Work item: Make an exact copy of every entry below, with the pictures left out.

Records for the exercise:
=======

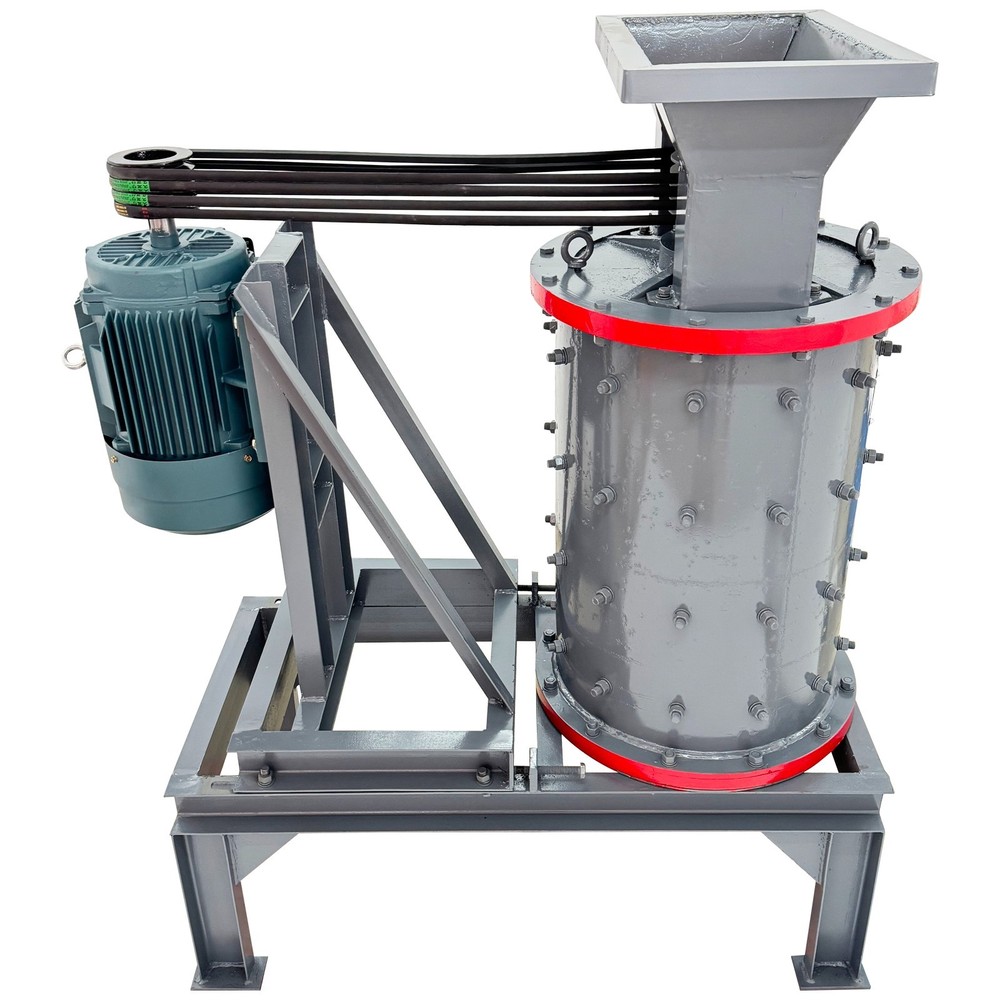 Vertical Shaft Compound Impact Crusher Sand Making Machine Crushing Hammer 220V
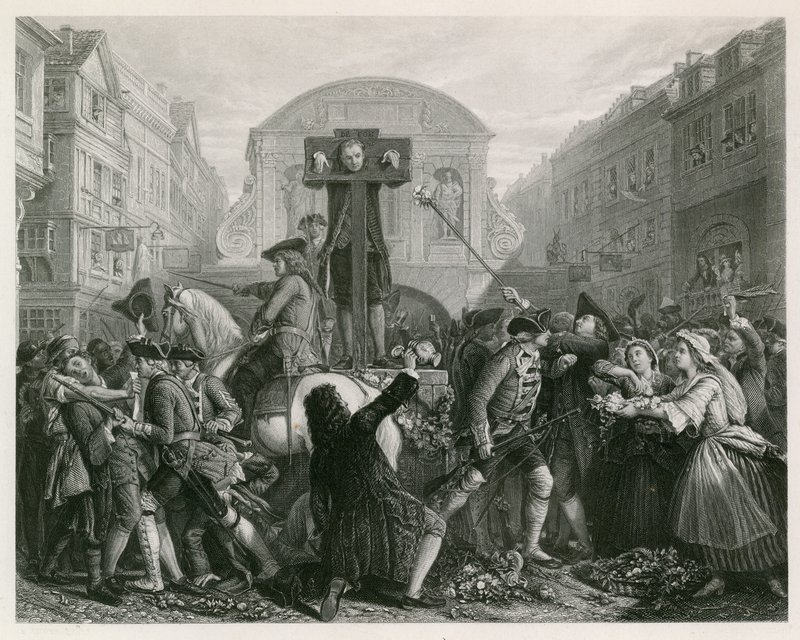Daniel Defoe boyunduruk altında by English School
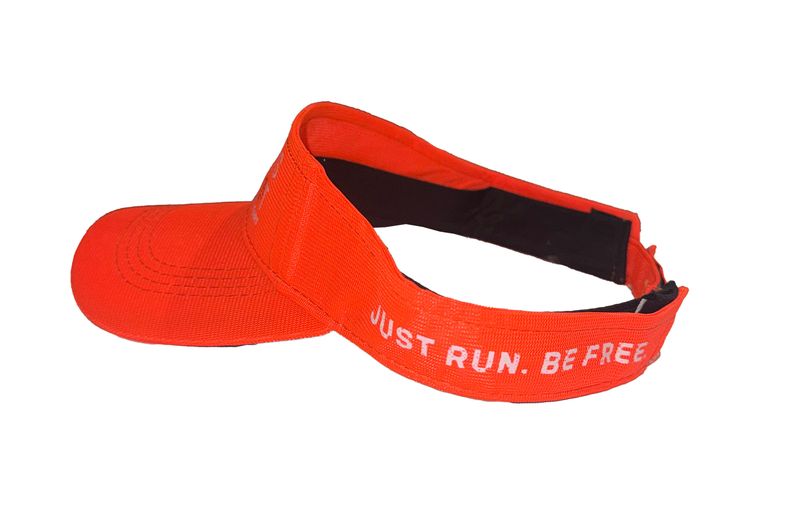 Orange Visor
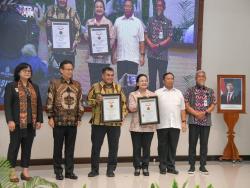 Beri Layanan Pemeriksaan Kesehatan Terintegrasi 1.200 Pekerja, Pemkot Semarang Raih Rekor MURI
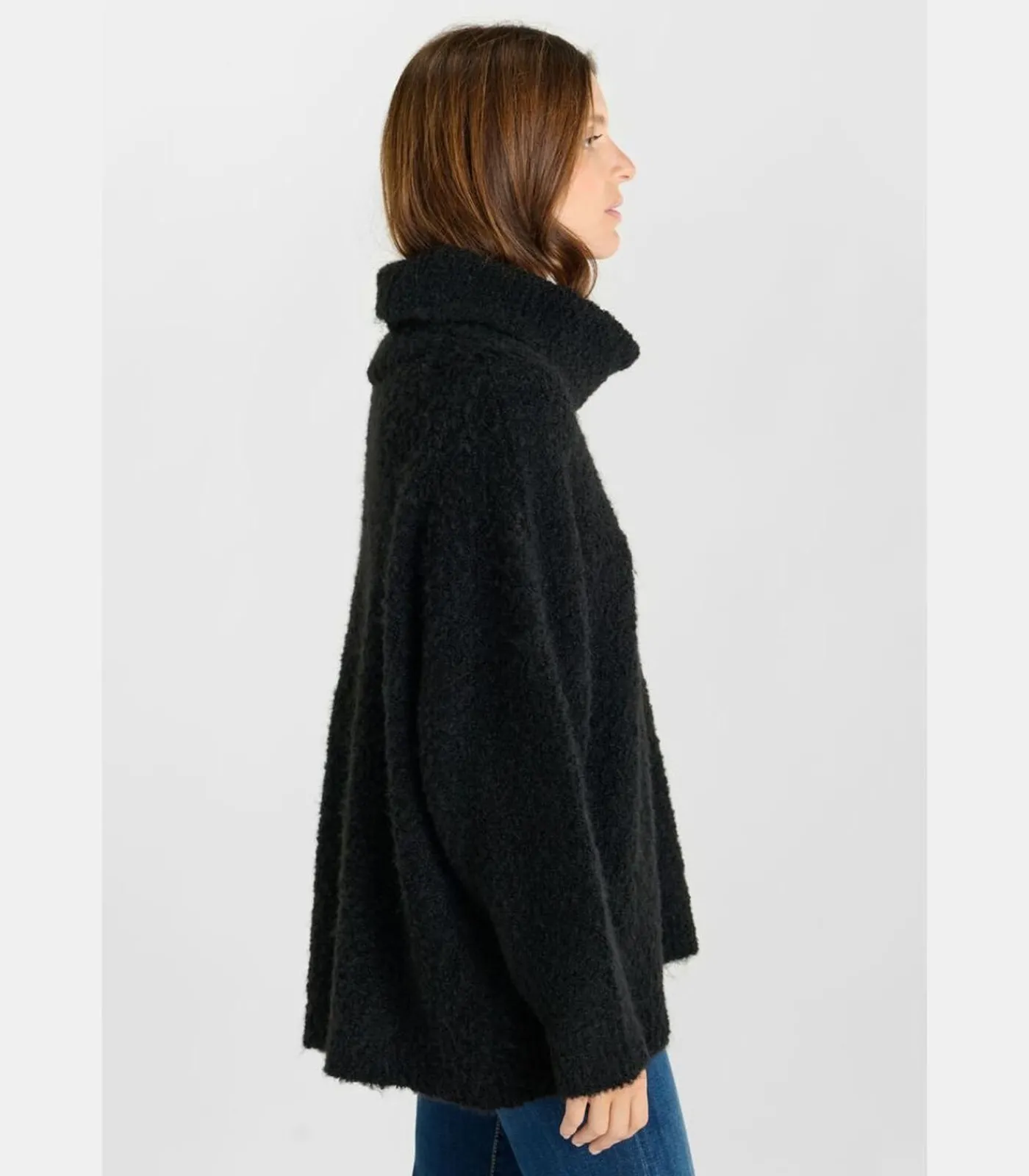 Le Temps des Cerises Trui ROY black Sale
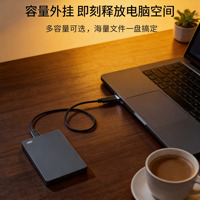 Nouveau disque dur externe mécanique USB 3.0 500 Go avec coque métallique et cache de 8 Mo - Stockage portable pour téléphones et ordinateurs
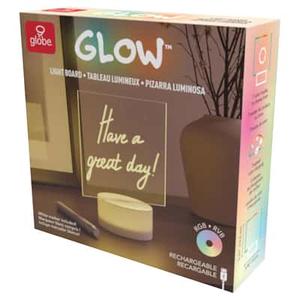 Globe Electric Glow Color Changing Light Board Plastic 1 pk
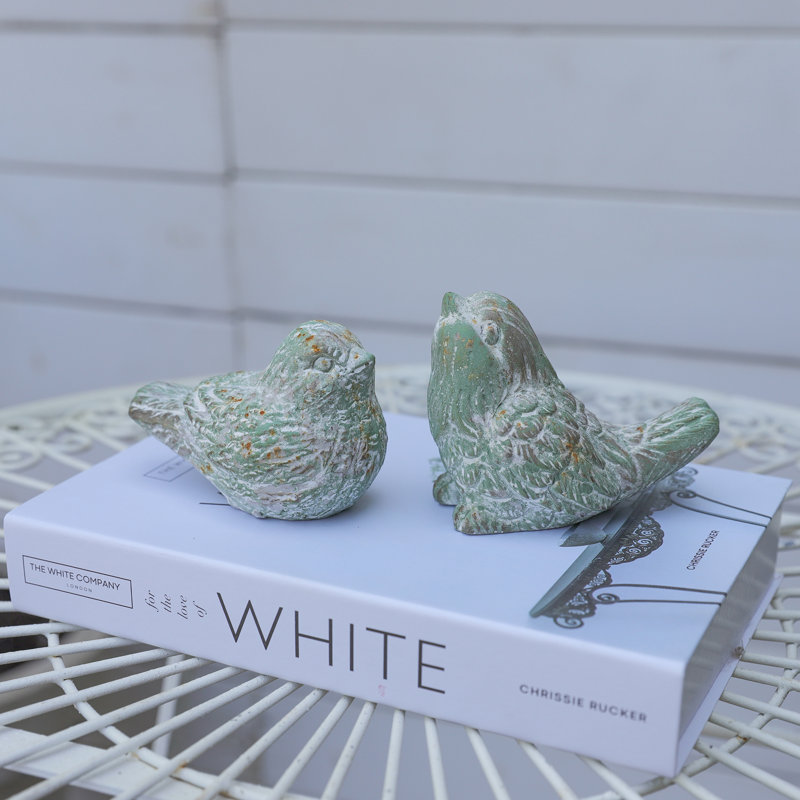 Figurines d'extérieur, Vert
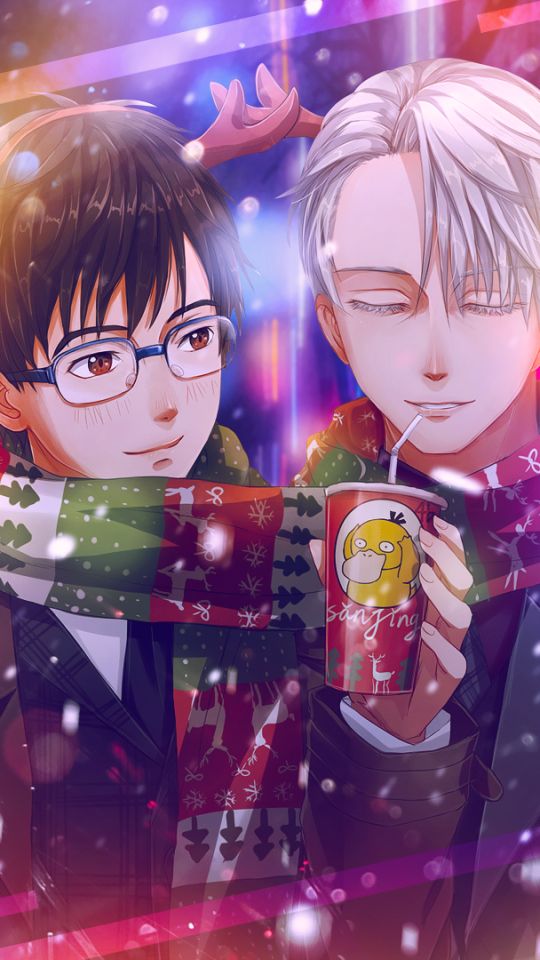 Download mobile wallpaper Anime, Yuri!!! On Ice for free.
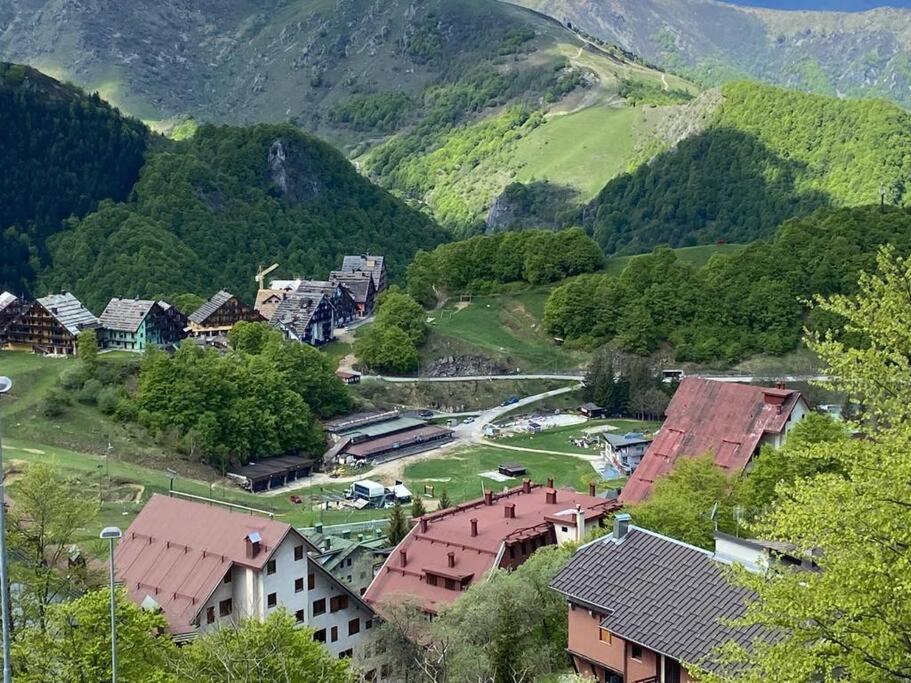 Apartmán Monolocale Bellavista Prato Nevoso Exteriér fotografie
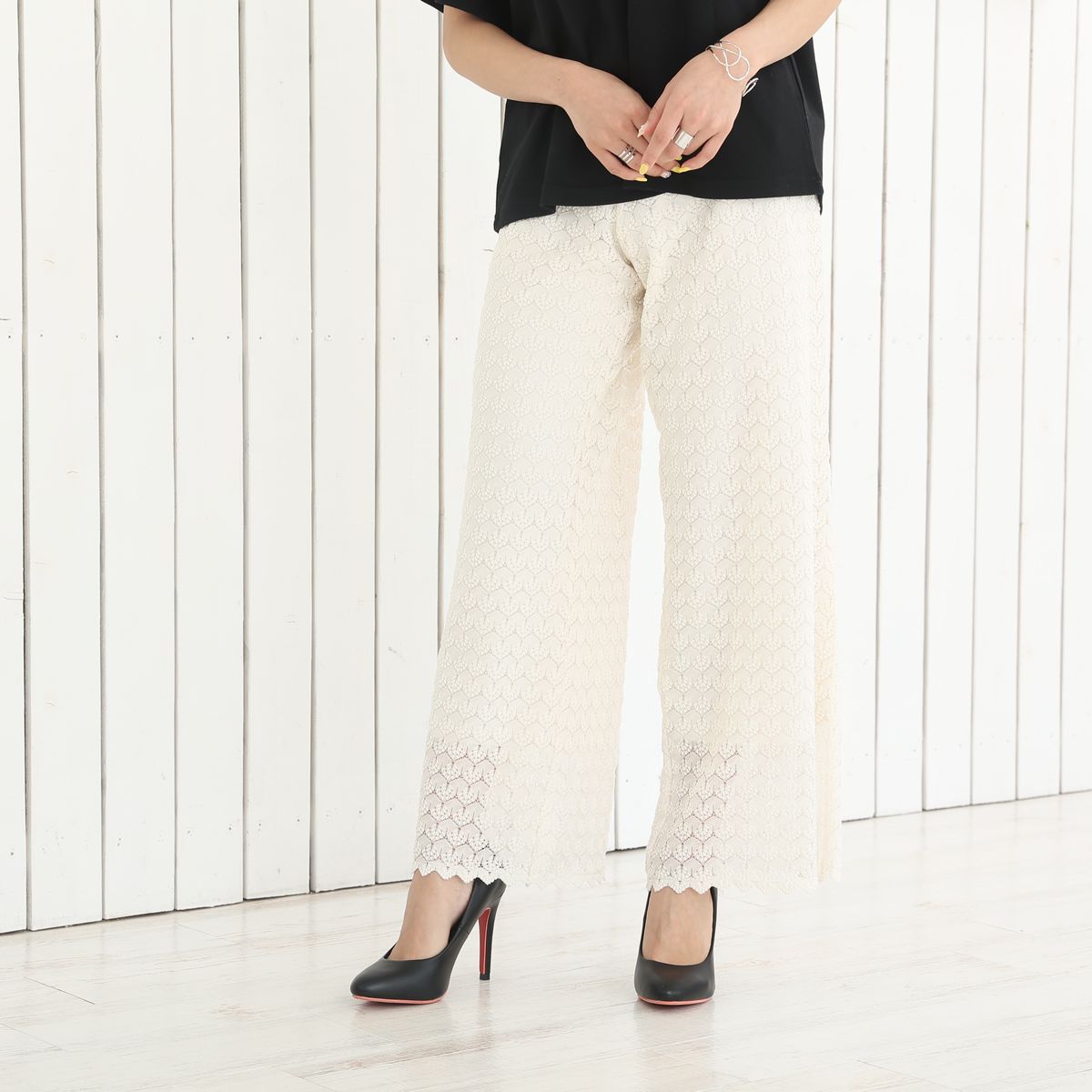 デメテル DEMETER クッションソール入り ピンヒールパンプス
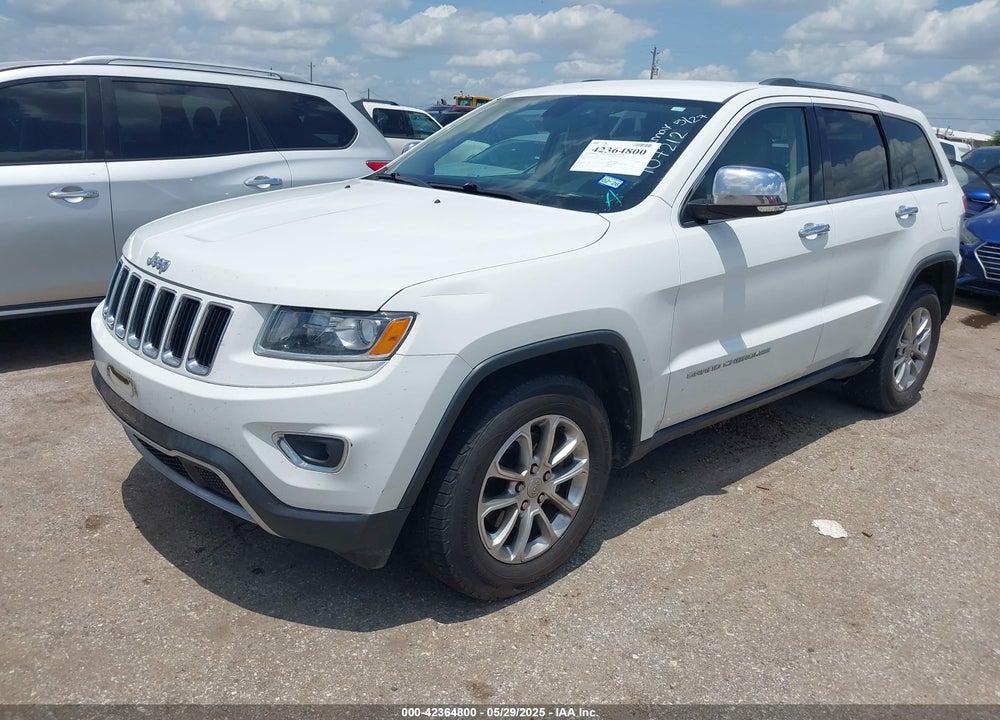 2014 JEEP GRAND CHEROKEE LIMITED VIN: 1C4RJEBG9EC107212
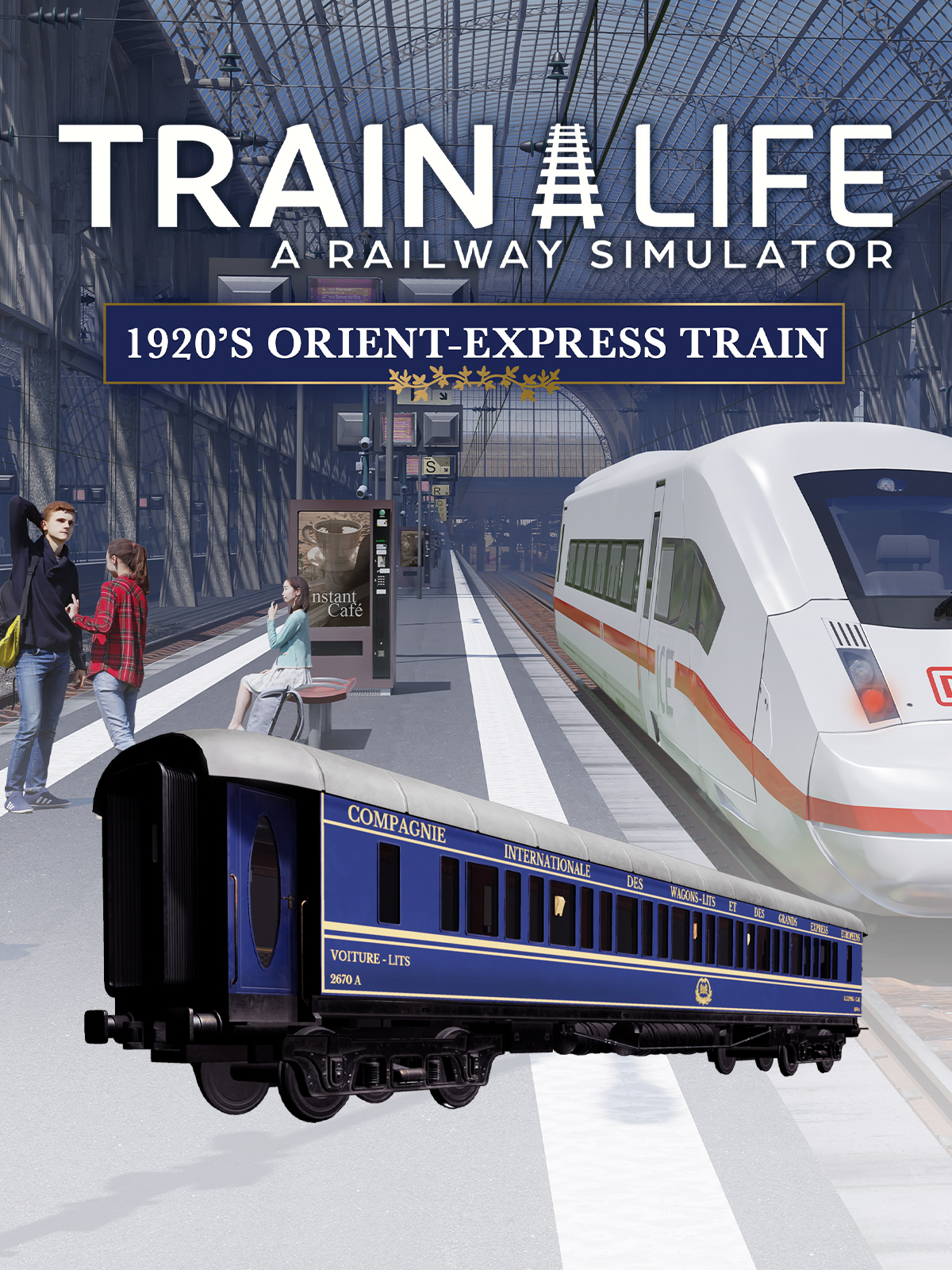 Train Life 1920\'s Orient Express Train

=======

Reply:
 Vertical Shaft Compound Impact Crusher Sand Making Machine Crushing Hammer 220V
Daniel Defoe boyunduruk altında by English School
 Orange Visor
 Beri Layanan Pemeriksaan Kesehatan Terintegrasi 1.200 Pekerja, Pemkot Semarang Raih Rekor MURI
 Le Temps des Cerises Trui ROY black Sale
 Nouveau disque dur externe mécanique USB 3.0 500 Go avec coque métallique et cache de 8 Mo - Stockage portable pour téléphones et ordinateurs
 Globe Electric Glow Color Changing Light Board Plastic 1 pk
 Figurines d'extérieur, Vert
 Download mobile wallpaper Anime, Yuri!!! On Ice for free.
 Apartmán Monolocale Bellavista Prato Nevoso Exteriér fotografie
 デメテル DEMETER クッションソール入り ピンヒールパンプス
 2014 JEEP GRAND CHEROKEE LIMITED VIN: 1C4RJEBG9EC107212
 Train Life 1920\'s Orient Express Train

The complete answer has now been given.